Im Sterben geht es auch um das soziale und biographische Netzwerk, in dem wir unser Leben gestaltet haben – mit seinen sichtbaren wie mit den unsichtbaren Knoten, die sich nun lösen. Schmerzliche Lücken, unversöhnte Beziehungen, Abbrüche und glückliche Neuanfänge. Menschen, die uns stark gemacht und solche, die uns gekränkt und geschwächt haben. Da fallen Namen, die keiner mehr kennt – von Vorgesetzten, Freundinnen, Kollegen, von Zufallsbegegnungen, die den Verlauf einer Biographie gleichwohl entscheidend verändert haben. Wie alte Fotos, die niemand beschriftet hat, tauchen Bruchstücke von Geschichten auf. Und niemand, außer vielleicht Angehörigen, Freunden und Nachbarn, ist in der Lage, zu dechiffrieren, was sie bedeuten. Was mit einem Namen, einem Duft oder einem Bild verbunden ist, woran ein Musikstück erinnert, das lässt sich nicht auf Fragebögen ankreuzen. Das wissen oft nur die Menschen, die uns vertraut sind. Was wir gern zum Frühstück nehmen, das weiß vielleicht auch der Bäcker. Und mag sein, unsere Nachbarin kennt unseren Lebensrhythmus am besten. 30 Menschen brauche man, um sich an einem Ort wirklich heimisch zu fühlen. Wenn wir vom Leben im Quartier sprechen, dann geht es also nicht nur um die vertraute Wohnung, sondern auch um dieses Geflecht.

Was können Kirchengemeinden mit ihren Ehrenamtlichen und Seelsorgenden, mit Gemeindehäusern und Einrichtungen tun, um ältere Menschen, Pflegebedürftige und Sterbende, aber auch ihre Angehörigen zu begleiten und zu stärken? Und um einen tabufreien Umgang mit dem Thema Tod und Sterben zu ermöglichen? Da geht es um Entlastung, damit Menschen Zeit mit ihren Angehörigen verbringen können. Es geht um einfühlsame Begleitung, um Versöhnungsprozesse und Wiederbegegnungen zu ermöglichen. Mit Familienangehörigen, mit alten Freunden. Um Beratung in schwierigen Entscheidungssituationen – vorurteilsfrei und nah am Miteinander. Seelsorge, auch die Gemeindeseelsorge muss sich als integrativer Bestandteil hospizlicher Teams verstehen.
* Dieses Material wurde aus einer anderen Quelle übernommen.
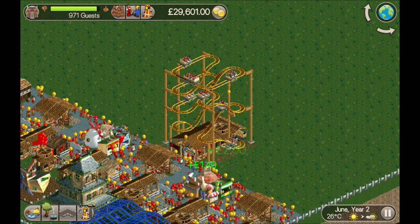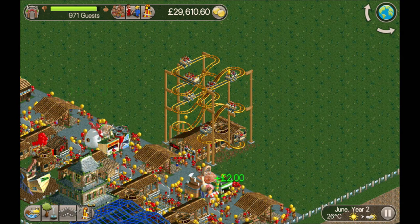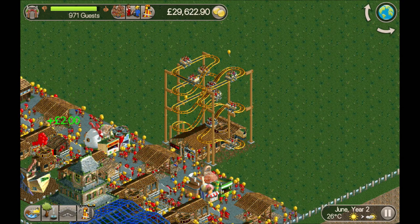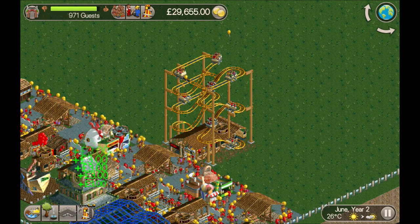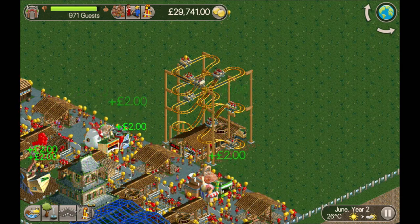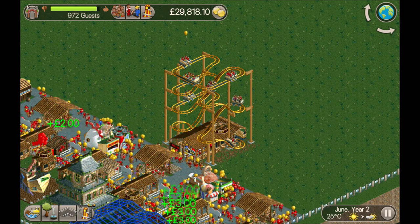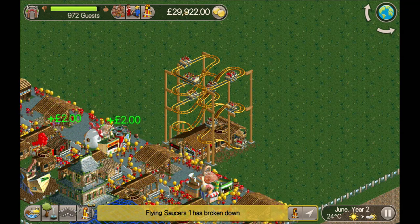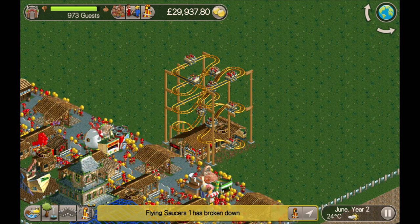4x4 wild mouse coasters are nothing new — people have been making them for years — but I wanted to make my own version. I wanted to take the concept and try to make one that was as simple to build as possible. I found another version elsewhere but it was quite complicated, so I never bothered trying to copy it. This one is very, very simple to build.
Sie muss Menschen ermutigen, Entscheidungen in sozialer Verbundenheit zu fällen. Erwachsenenbildungseinrichtungen können Freiwillige ausbilden und coachen. Gemeinden mit ihren Ritualen können den Angehörigen Mut machen zum Abschiednehmen, Trauern und Leben. Sie können Gemeinhäuser zu Gemeinwesenhäusern und Begegnungsorten für jedermann machen – fußläufig und barrierefrei. Und Friedhöfe als Orte der Begegnung und des Lebens gestalten.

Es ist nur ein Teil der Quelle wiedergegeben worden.